Third Party Domain Scripts Beef

12 Aug 2011
Posted by adrianb

Many websites use extra software programmes to deliver useful and sometimes not so useful functionality that you might not get with good old HTML (in all it's variants).
Examples of “extra” programs include Flash and Javascript, but there are plenty of others. A “good” site will keep these extra programmes to a minimum, and any it feels are really necessary, it will service via it's own domain. That way, you know that the operators of the website are likely to have taken great care examining the suitability and safety of these programmes, because they are likely to be hosted on their own servers, or at least mixed up with all their own web infrastructure and services.
If you know and trust the organisation that owns the website, that is usually going to be good enough and you won't have to worry any further.

However, lots of websites now contain software that isn't served directly from the main website domain. This means that a familiar website might contain software that is coming from several different domains. You, as a user, will have no idea which of these are legitimate, and which are not. You might also be aware of the several instances of these third party programmes being compromised so that they serve some very unhealthy stuff to site visitor's PC's.

A good analogy is with holiday rental properties. The rental property is like the website – you visit it and get to use the all the facilities while you are there.
Now suppose the owner gives keys to a housekeeper, and you don't know about him/her.
A legitimate housekeeper might come and make breakfast, clean up, and all sorts of other useful stuff. That's nice – but it would have been nicer if the owner had told you about it in advance!
How will you know the difference between a legitimate housekeeper and a thief? If the accepted norm is that anyone might be in the property, how do you tell good from bad?
The housekeeper/thief is like these extra programmes or scripts.
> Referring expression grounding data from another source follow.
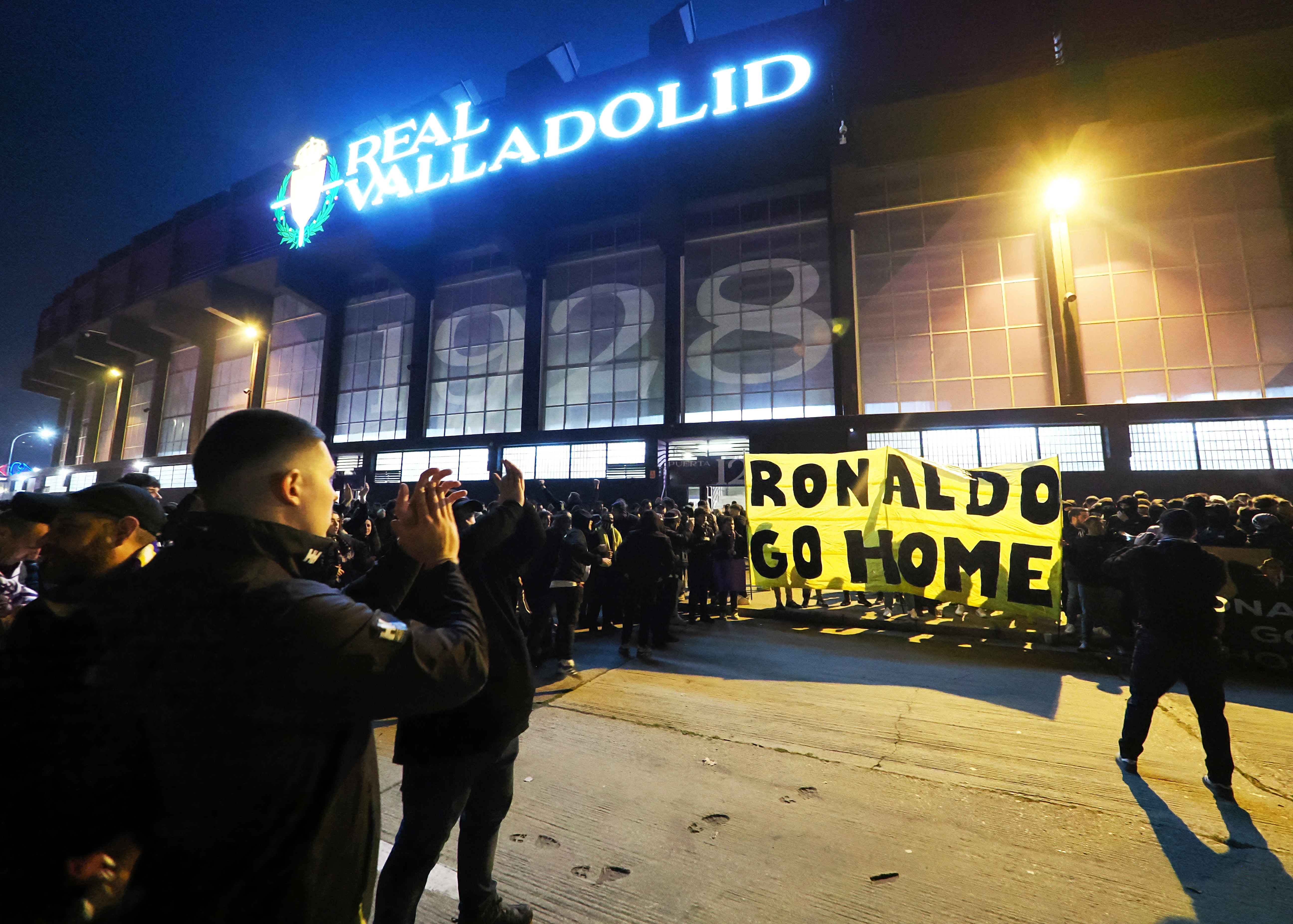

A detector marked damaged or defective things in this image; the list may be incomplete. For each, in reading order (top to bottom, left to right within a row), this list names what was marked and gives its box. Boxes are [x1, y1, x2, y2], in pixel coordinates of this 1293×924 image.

cracked pavement [375, 615, 1293, 924] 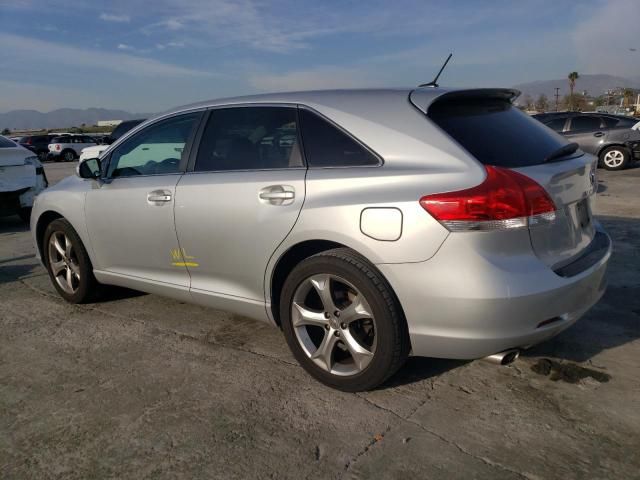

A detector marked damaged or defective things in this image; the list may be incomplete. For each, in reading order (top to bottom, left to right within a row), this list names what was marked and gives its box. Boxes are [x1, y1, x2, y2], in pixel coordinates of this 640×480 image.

cracked pavement [1, 162, 640, 480] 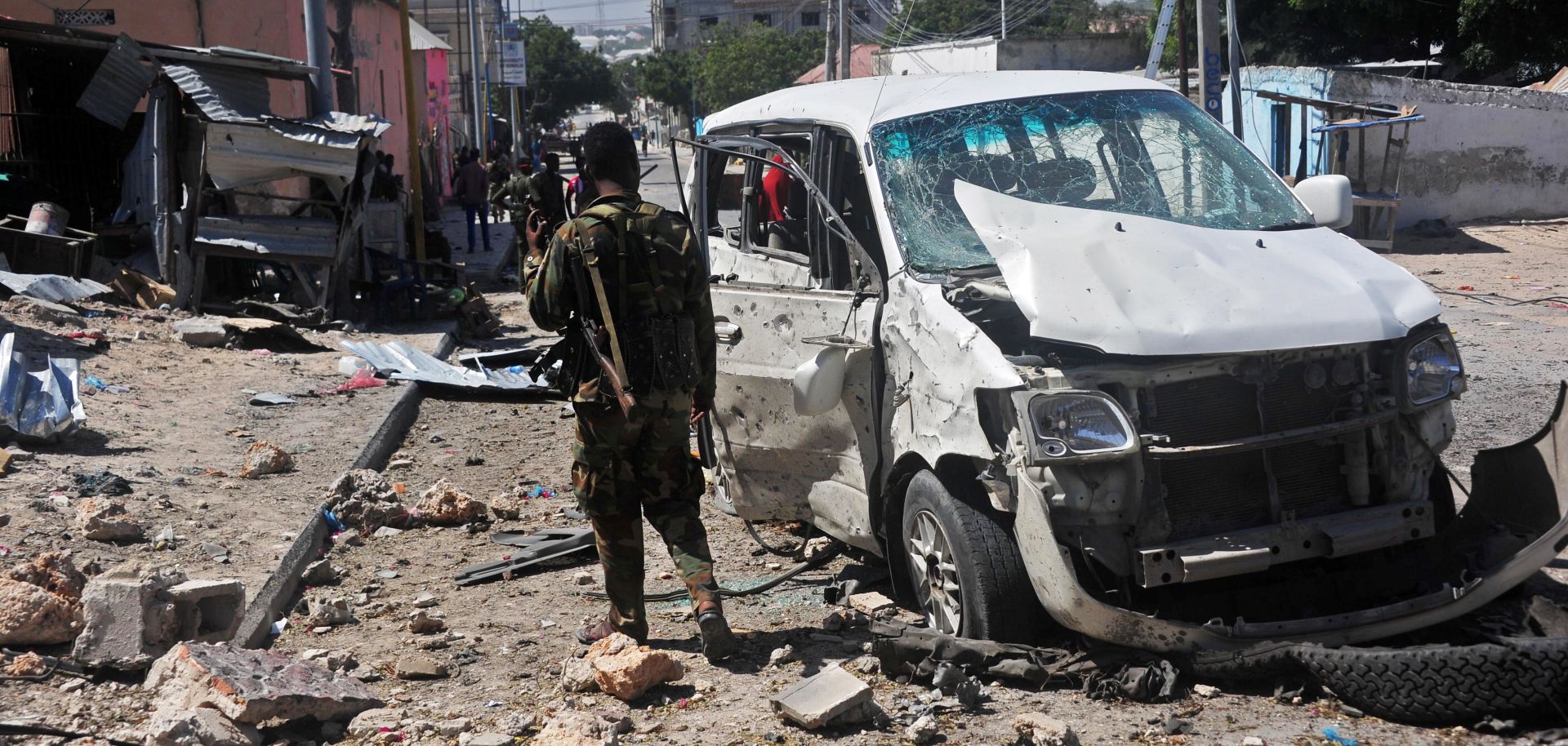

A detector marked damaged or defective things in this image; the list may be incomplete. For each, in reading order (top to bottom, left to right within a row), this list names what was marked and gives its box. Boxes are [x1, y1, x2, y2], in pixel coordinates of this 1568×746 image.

shattered windshield [878, 88, 1316, 273]
damaged white van [689, 74, 1568, 658]
dented hood [947, 180, 1436, 355]
detached tire on ground [902, 470, 1047, 642]
crumpled front fender [1009, 384, 1568, 651]
van side panel damage [1009, 384, 1568, 651]
broken car bumper [1009, 384, 1568, 651]
detached tire on ground [1292, 636, 1568, 724] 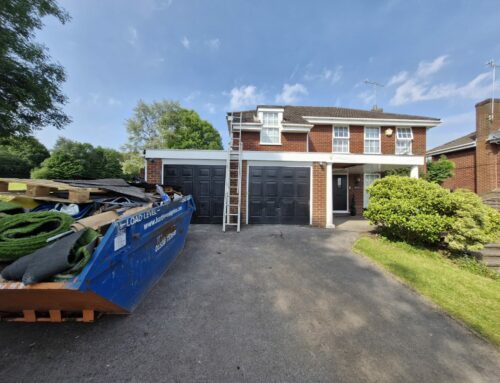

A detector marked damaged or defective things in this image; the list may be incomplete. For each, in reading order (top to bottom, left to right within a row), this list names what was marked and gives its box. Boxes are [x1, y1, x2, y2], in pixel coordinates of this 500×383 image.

rusty metal skip edge [0, 195, 197, 318] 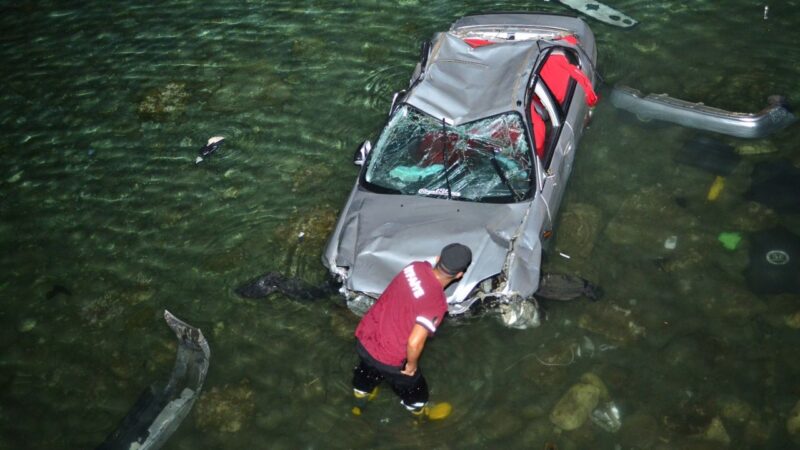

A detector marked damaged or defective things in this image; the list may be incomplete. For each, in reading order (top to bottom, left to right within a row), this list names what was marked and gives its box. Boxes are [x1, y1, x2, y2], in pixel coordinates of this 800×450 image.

shattered windshield [362, 104, 532, 201]
wrecked silver car [322, 12, 596, 328]
bent guardrail post [612, 85, 792, 139]
bent guardrail post [97, 310, 211, 450] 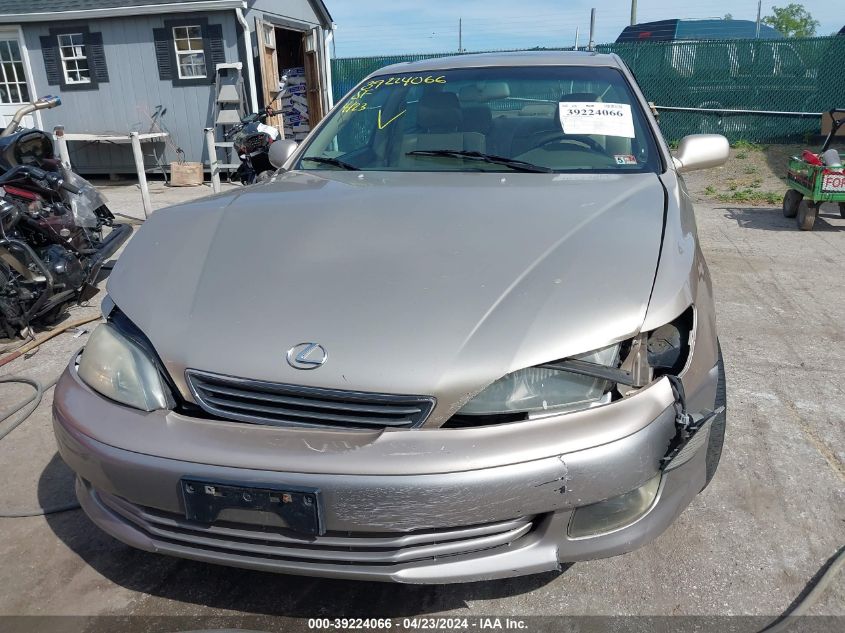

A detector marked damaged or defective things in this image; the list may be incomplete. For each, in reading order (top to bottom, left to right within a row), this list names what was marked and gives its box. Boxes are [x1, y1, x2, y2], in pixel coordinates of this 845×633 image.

cracked headlight [78, 324, 170, 412]
front bumper damage [51, 360, 720, 584]
damaged lexus sedan [52, 53, 728, 584]
cracked headlight [454, 344, 620, 418] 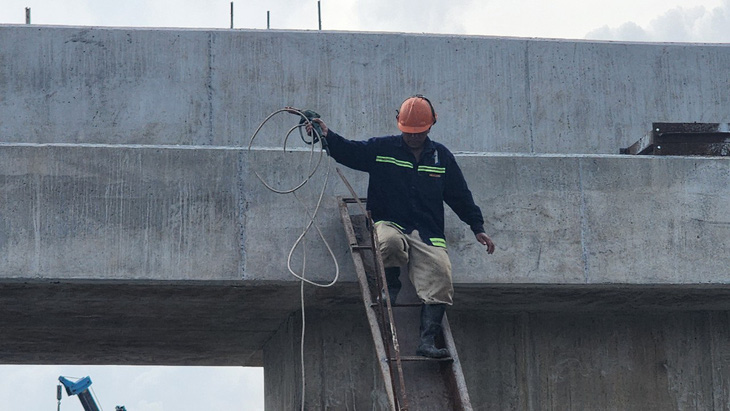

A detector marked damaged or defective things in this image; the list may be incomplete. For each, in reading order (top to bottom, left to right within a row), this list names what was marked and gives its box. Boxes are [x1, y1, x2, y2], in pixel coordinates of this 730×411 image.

rusty ladder [336, 170, 472, 408] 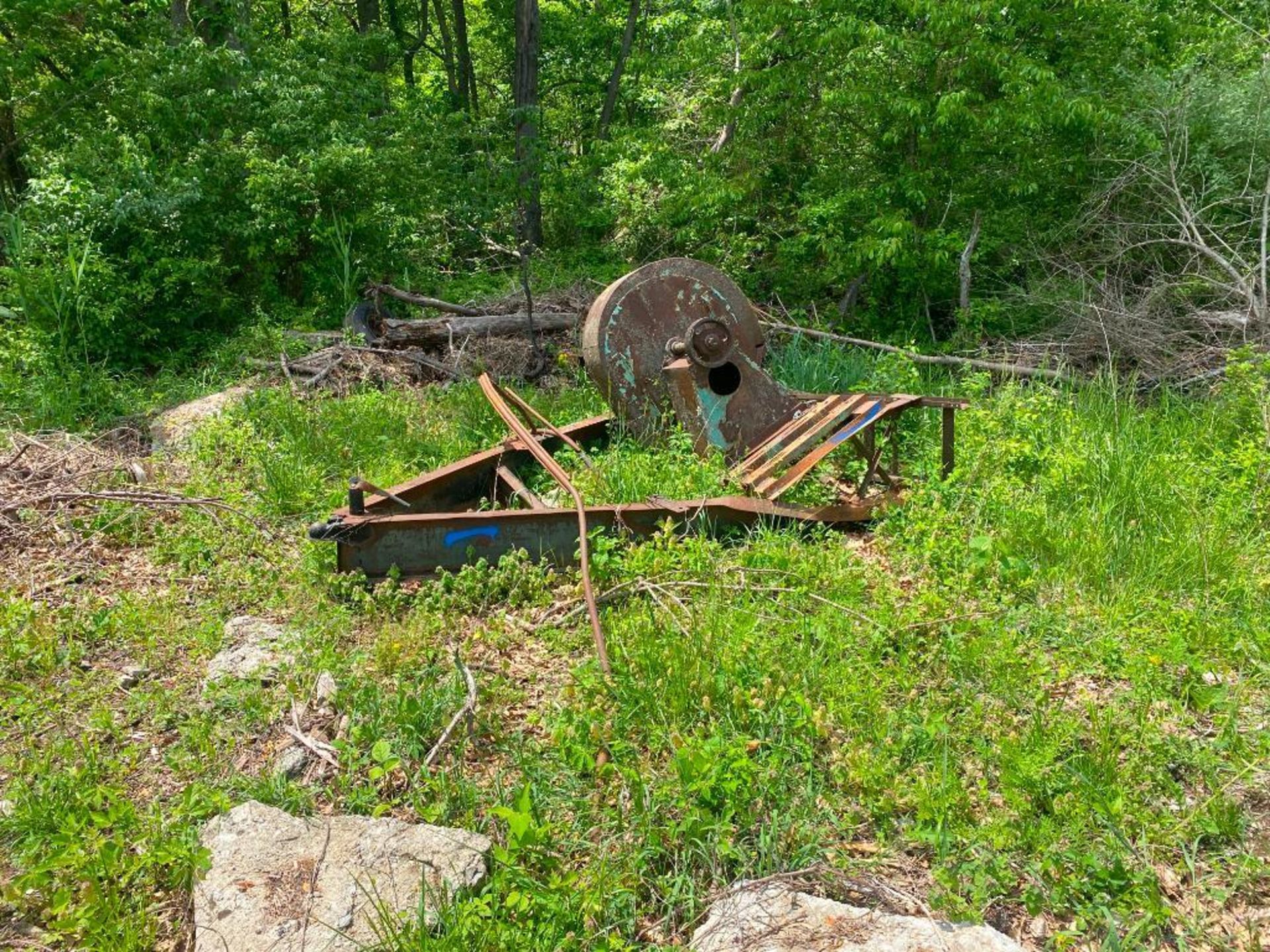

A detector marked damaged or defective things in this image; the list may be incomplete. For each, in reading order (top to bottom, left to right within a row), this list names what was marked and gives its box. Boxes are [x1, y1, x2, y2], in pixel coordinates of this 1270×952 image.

rusted iron structure [310, 257, 963, 576]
On my PC's I routinely block scripts from my browser that are or appear to be from third party domains. I do this because I think they are a significant risk, and I don't want to take a chance with a PC that I use for important stuff. I choose to use a browser that lets me block these programmes – Firefox (though Explorer now also offers script blocking options), and by using an add-on called "Noscript".
Even as an experienced IT/Digital professional, It's often difficult to tell what the risk from a particular script is likely to be, so I take the "safety first" approach.
For a new website I'm not familiar with, I block all scripts. If the site doesn't then do what I want without these extra scripts, and assuming I still want to use the site, I might use my browser plug-in to permit scripts served by the main domain.
With Linkedin, having used the site for quite a while (not for anything critical) and been convinced by their relatively professional approach (until now that is),
I thought they take care to make sure their website doesn't serve nasty stuff to my browser, so I trusted programmes to access my browser and PC.
However, I don't trust software from third party domains to be as careful. They might be as safe, but often I've not heard of them at all, or they are very small companies with no profile, and/or they seem to be just about advertising and user tracking services. I don't have time to track down and research every tin-pot activity tracking company to see how safe they are likely to be, and don't see why I should need to.
Why don't Linkedin tell me if they have done it already, or even better, why doesn't Linkedin just keep them all under the domain, then it's easy to see that which programmes are authorised and which are not and so can be easily blocked by the browser. Of course most users will have no idea of the risks they run.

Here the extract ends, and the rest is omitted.